“A gratidão é a virtude das almas nobres”, concluiu Esopo mais de quinhentos anos antes de Cristo dar o ar da graça aqui na Terra. É difícil pensar em um homem de alma grande que não seja capaz de demonstrar agradecimento pelas benesses que recebe. Ser grato carrega algo de honesto, de reconhecimento pela generosidade de alguém.
Esse gesto aparentemente simples, no entanto, tem povoado menos almas do que deveria. É preciso sair de si e examinar as ações do outro e as conquistas da própria vida em busca de contentamento, mas olhe lá quem está disposto a deixar seu umbigo para valorar a ação de outrem. Olhe lá quem é capaz de mirar a própria vida e sentir-se grato pelo que já alcançou.
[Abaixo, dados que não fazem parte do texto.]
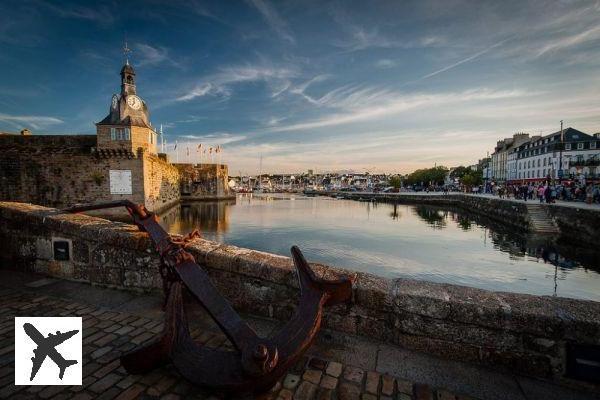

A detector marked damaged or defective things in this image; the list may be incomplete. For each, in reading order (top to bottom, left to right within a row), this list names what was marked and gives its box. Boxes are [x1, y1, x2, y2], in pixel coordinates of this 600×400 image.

rusty anchor [65, 200, 354, 394] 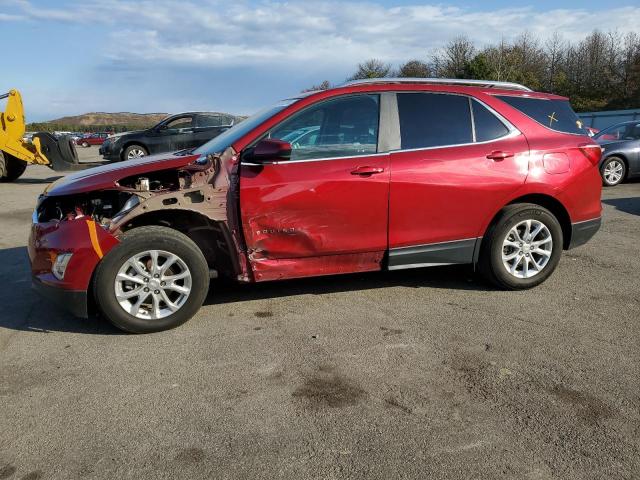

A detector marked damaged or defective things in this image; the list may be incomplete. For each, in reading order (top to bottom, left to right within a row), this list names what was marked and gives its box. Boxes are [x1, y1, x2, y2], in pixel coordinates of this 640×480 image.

crumpled hood [44, 153, 201, 196]
front end collision damage [31, 150, 250, 316]
damaged red suv [27, 79, 604, 334] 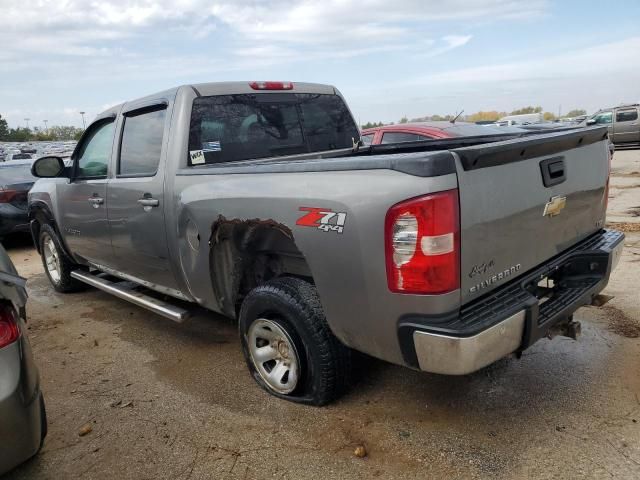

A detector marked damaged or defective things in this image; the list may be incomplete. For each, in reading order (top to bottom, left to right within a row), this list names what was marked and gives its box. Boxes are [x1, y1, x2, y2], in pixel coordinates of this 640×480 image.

rust damage [211, 216, 298, 316]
É claro que o ingrato não consegue ser feliz. A gratidão limpa a alma, mas a ingratidão a deixa suja e pesada. Não é conversa de espiritualista, a física quântica está aí para provar a influência de um bom pensamento. Só que dizer “obrigado” literalmente significa assumir uma dívida, uma obrigação moral: significa o dever de, no mínimo, reconhecer que o feito do outro fez algum bem. Gratidão, portanto, pressupõe empatia, nobreza e, acima de tudo, humildade. Pouca gente hoje, no entanto, é humilde. Desenvolvem-se homens-meta, que almejam ser sempre maiores, mais brilhantes, soberanos e únicos. Criam-se crianças-modelo, prontas para conquistar o mundo com respostas afiadas e complexo de rei. A ingratidão, muitas vezes, é aprendida dentro de casa.
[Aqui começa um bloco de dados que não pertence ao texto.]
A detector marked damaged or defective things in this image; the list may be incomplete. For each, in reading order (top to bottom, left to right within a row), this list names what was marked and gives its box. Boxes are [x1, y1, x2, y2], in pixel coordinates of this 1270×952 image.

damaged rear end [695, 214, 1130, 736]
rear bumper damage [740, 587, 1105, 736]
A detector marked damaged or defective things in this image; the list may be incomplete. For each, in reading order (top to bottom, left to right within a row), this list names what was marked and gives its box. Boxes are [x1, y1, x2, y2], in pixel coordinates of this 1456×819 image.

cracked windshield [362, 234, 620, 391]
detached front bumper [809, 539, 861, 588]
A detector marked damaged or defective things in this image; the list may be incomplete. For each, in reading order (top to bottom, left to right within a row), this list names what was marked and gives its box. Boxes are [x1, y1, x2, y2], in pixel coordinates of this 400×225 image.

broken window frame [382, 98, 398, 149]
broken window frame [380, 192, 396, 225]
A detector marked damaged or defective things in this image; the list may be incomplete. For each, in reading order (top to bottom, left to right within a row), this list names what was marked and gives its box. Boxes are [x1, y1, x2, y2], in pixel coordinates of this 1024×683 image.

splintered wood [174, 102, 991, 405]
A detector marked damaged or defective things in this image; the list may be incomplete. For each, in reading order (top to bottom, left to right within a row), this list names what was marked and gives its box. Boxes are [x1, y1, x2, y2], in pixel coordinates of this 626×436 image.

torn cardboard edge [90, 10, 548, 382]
Mal sabe o ingrato que a reverência de agradecimento deveria estar em todo lugar. Gratidão ao pai, que se doa de si para conduzir o filho pelo compasso da vida; ao parceiro, que se dispõe a dividir sua estrada, em seus picos e vales; ao moço que gentilmente cede lugar na fila; ao inimigo, que sem querer deixa mais forte e sábio aquele que agride; às pequenas cortesias do porteiro; aos erros do passado, que possibilitam os acertos do presente… Não existe hora para reconhecer que a existência do outro agrega e que a história percorrida até agora merece reverência.
A gratidão sincera não precisa de cerimônia e dispensa intermediários. Há momentos em que agradecer dispensa até mesmo palavras, traduzindo-se em abraços, sorrisos, orações ou num simples suspiro profundo de quem se alegra pelo que já alcançou. Vive-se hoje a certeza de que nada é suficiente, uma sede inesgotável que consome dinheiro, energia e sobretudo a própria vida. A graça tem sido lamentar pelo que ainda não se tem, sem reconhecer o que já foi alcançado e quem ajudou a chegar até aqui. Copo meio vazio sempre.
De toda forma, ainda que soe absurdo, que possamos ser gratos aos ingratos. “Vale a pena experimentar também a ingratidão para encontrar um homem grato”, disse Sêneca. Que até o veneno das almas pequenas possa ser fonte de aprendizado e que o homem ingrato seja sempre uma lembrança daquilo que não se deve ser.